▶ **What is expected**: The data below is to be written out exactly, with no pictures.

[Opening Study material section]

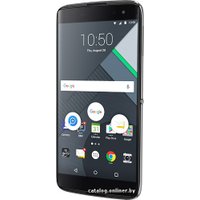 Телефон BlackBerry DTEK60 Black [BBA100-1]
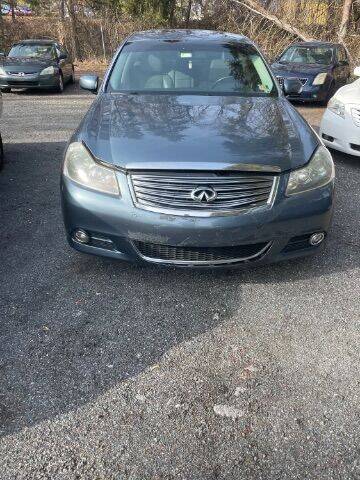 2008 Infiniti M35 for sale at JTR Automotive Group in Cottage City MD
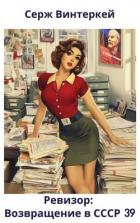 Книга Ревизор: возвращение в СССР 39 (СИ)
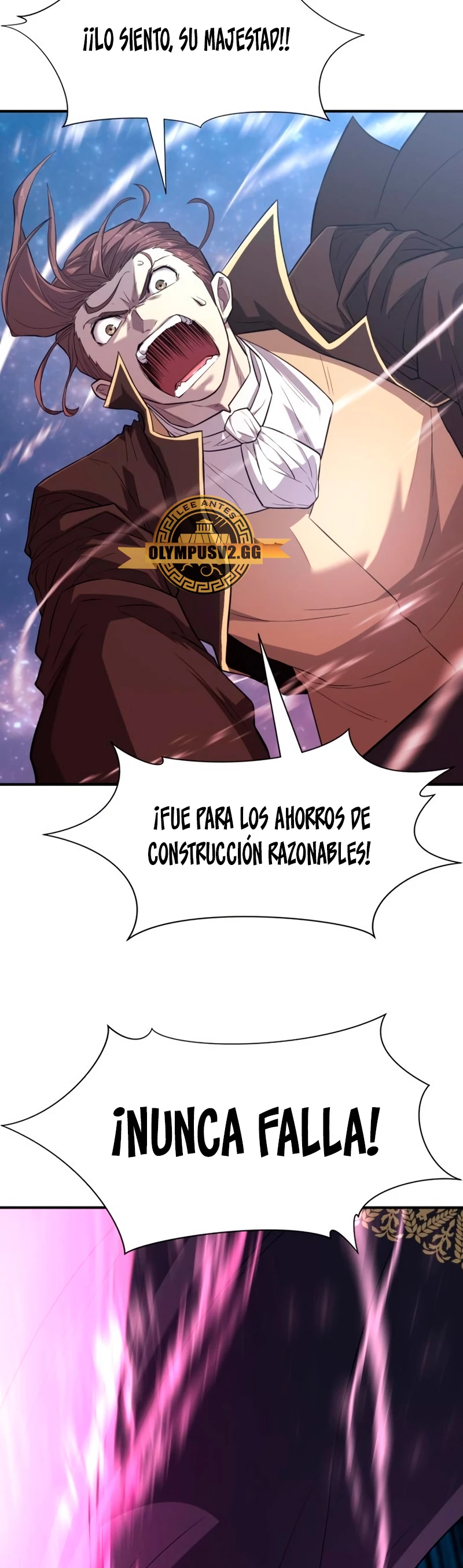 El Mejor Ingeniero del Mundo Capitulo 107 página 54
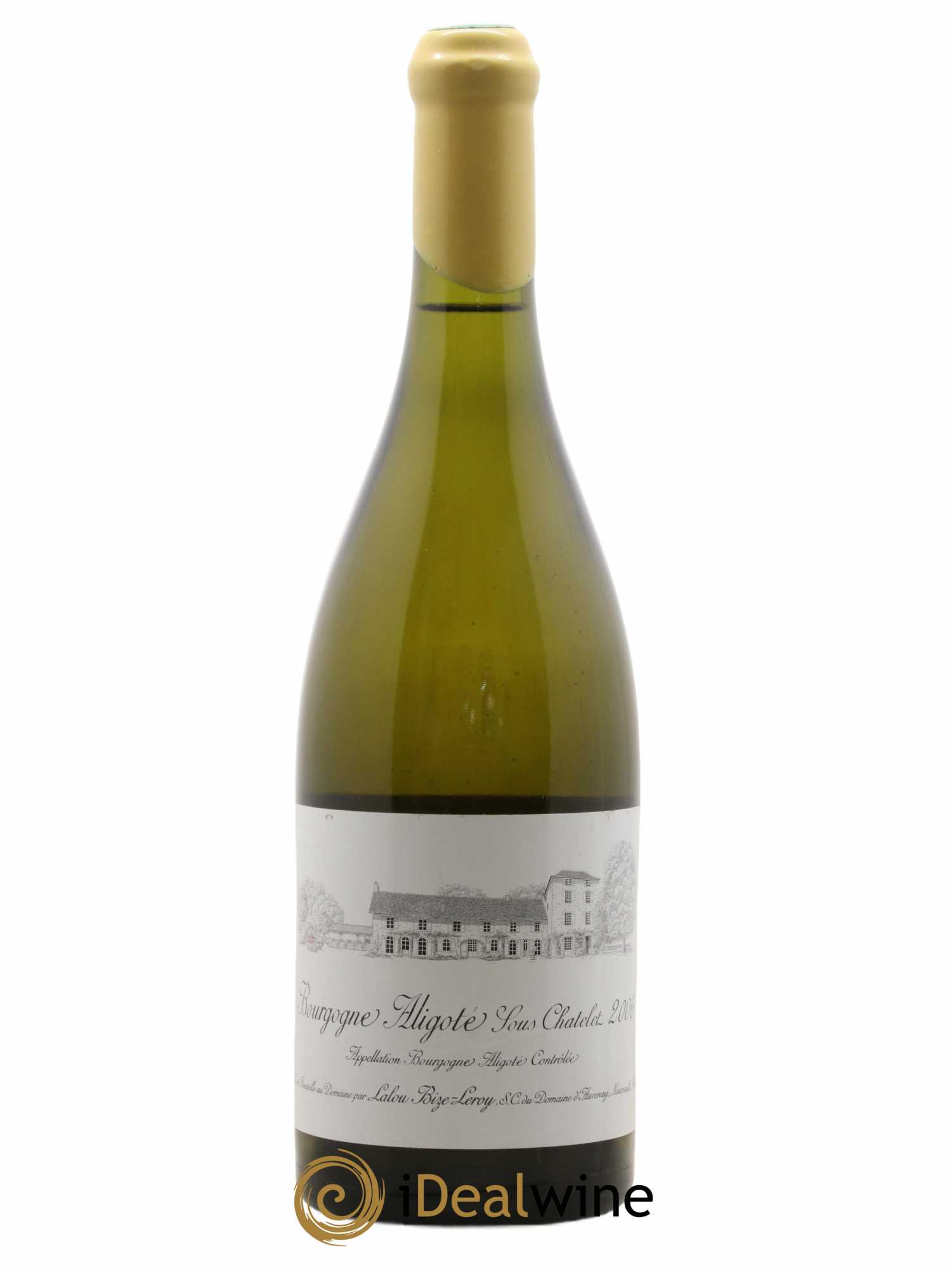 Bourgogne Aligoté Sous Chatelet d'Auvenay (Domaine)  2006 - Lot de 1 Bouteille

[Closing Study material section]

▶ **Response**:
 Телефон BlackBerry DTEK60 Black [BBA100-1]
 2008 Infiniti M35 for sale at JTR Automotive Group in Cottage City MD
 Книга Ревизор: возвращение в СССР 39 (СИ)
 El Mejor Ingeniero del Mundo Capitulo 107 página 54
 Bourgogne Aligoté Sous Chatelet d'Auvenay (Domaine)  2006 - Lot de 1 Bouteille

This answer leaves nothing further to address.